The problem -> Write out the data exactly as given, dropping every picture.

Source material ->
+ + + +

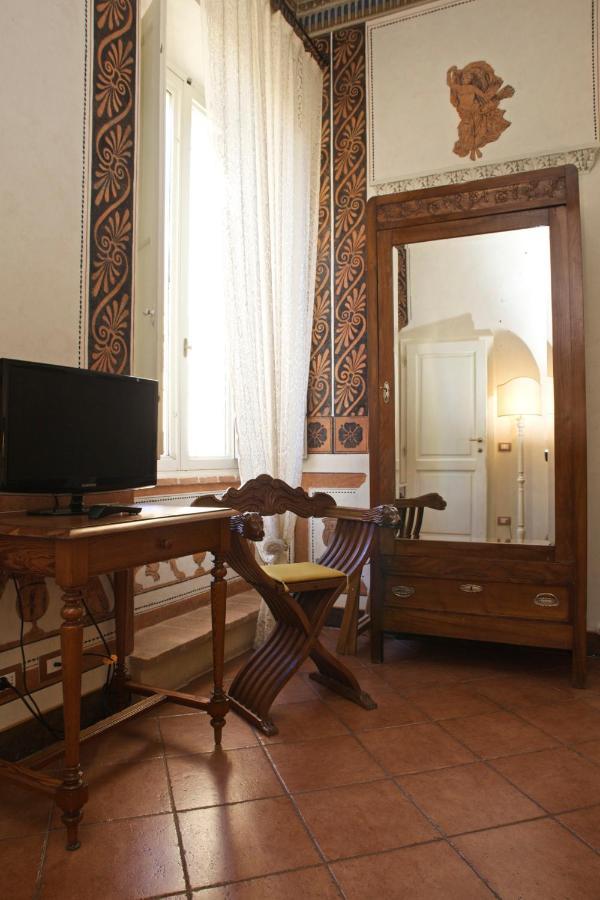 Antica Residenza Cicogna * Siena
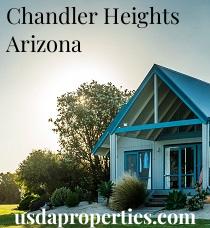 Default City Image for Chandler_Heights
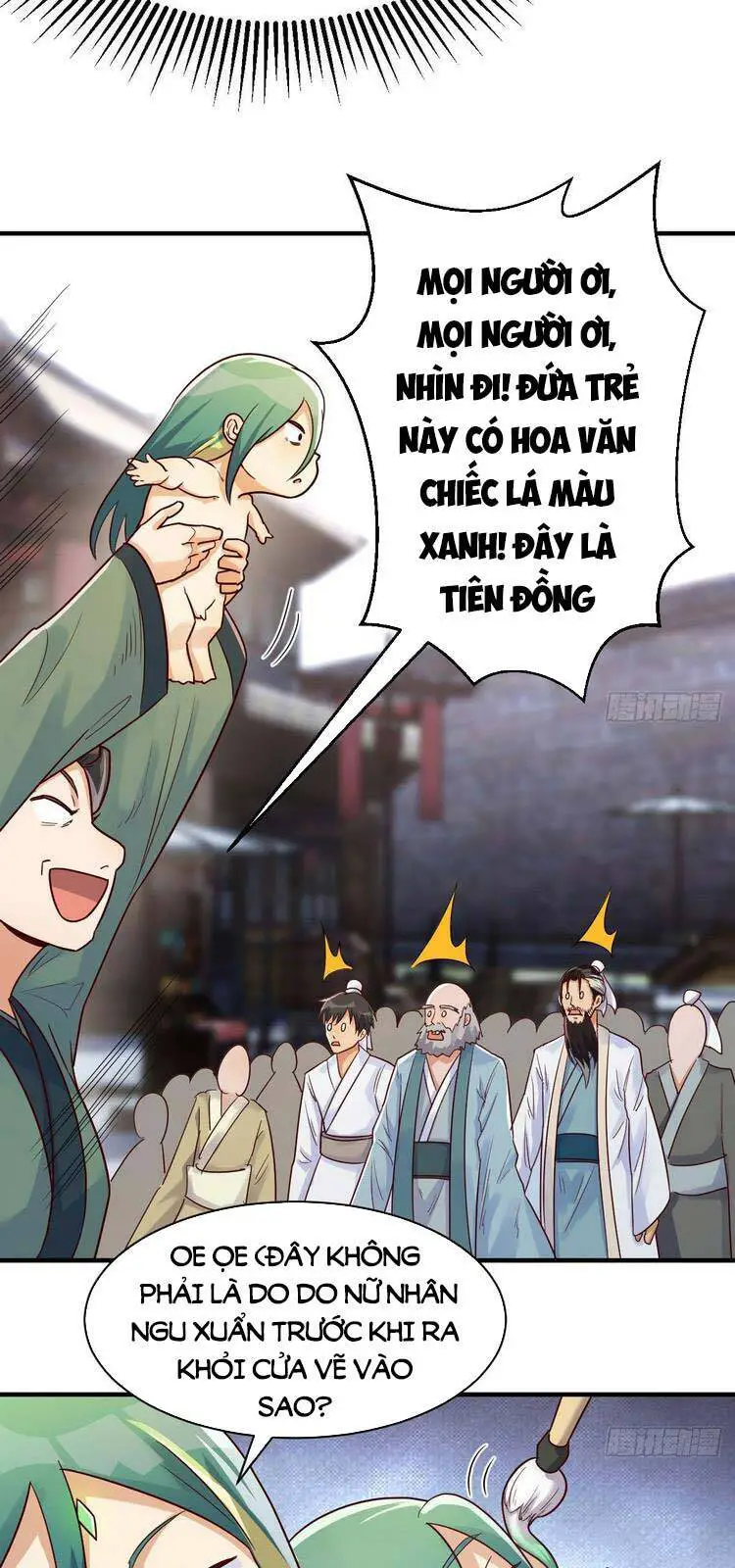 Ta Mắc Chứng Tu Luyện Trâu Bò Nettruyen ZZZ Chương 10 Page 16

+ + + +

Answer to this task ->
 Antica Residenza Cicogna * Siena
 Default City Image for Chandler_Heights
 Ta Mắc Chứng Tu Luyện Trâu Bò Nettruyen ZZZ Chương 10 Page 16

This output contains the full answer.